To top
3 Jan

Chat With Diane Pernet About Fashion Films And Life in Fashion

Diane Pernet photographed by Jean Luc Dupont.

Maiki: Hi Diane, I hope you are doing well. Last time we met we were rushing around fashion week together miced up being filmed, this interview is going to be more calm. I want to chat with you about your work which I love, especially promoting young talents through ASVOFF (A Shaded View On Fashion Film festival). Can you talk about how you created this platform and your ideas behind it?

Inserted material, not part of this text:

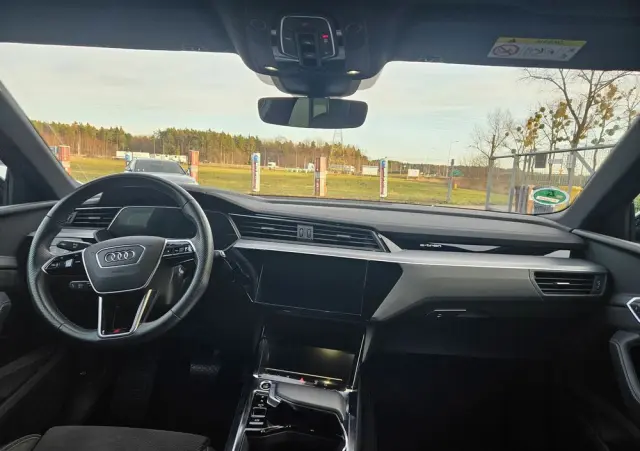 AUDI E-tron 50 Quattro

 Diane: From 2000-2005 I was making short fashion films and had a column Diane’s Diaries on a site called Disciple Films, founded by Alex Czetwertynski. Together Alex and I built the fashion part of his site and created a series of short fashion films called Fashioned Out (Links to “Fashioned Out” below).

 After a few years of Fashioned Out we made a series of even shorter fashion films called Easy Pieces https://vimeo.com/103713992. On one of our Fashioned-Out projects commissioned by Galeries Lafayette, we were in Milan and met a showroom model, Anina, that was very tech oriented and as we got to know her she proposed that I try a new software called Life Blogging, think pre-twitter, pre-Instagram, etc. Remember that YouTube was founded in February 2005, the same time as my blog.  Up until that point there were food, political and economic blogs but no fashion blogs. It was so new that SFR, my French carrier at that time, had no idea what to do if I had a problem so Anina would have to call Finland to speak to the tech people there at Nokia to sort out the problem. Then Mark Eley of Eley Kishimoto commissioned me to make a road movie for the launch of his menswear collection in 2005 and that turned into the beginning of my first fashion film festival You Wear it Well in 2006. ASVOFF was launched in 2008.william-klein-and-rossy-de-palma-asvoff-5-centre-pompidou-by-alfredo-salazar-min

Rossy de Palma, William Klein and Diane Pernet photographed by Alfredo Salazar.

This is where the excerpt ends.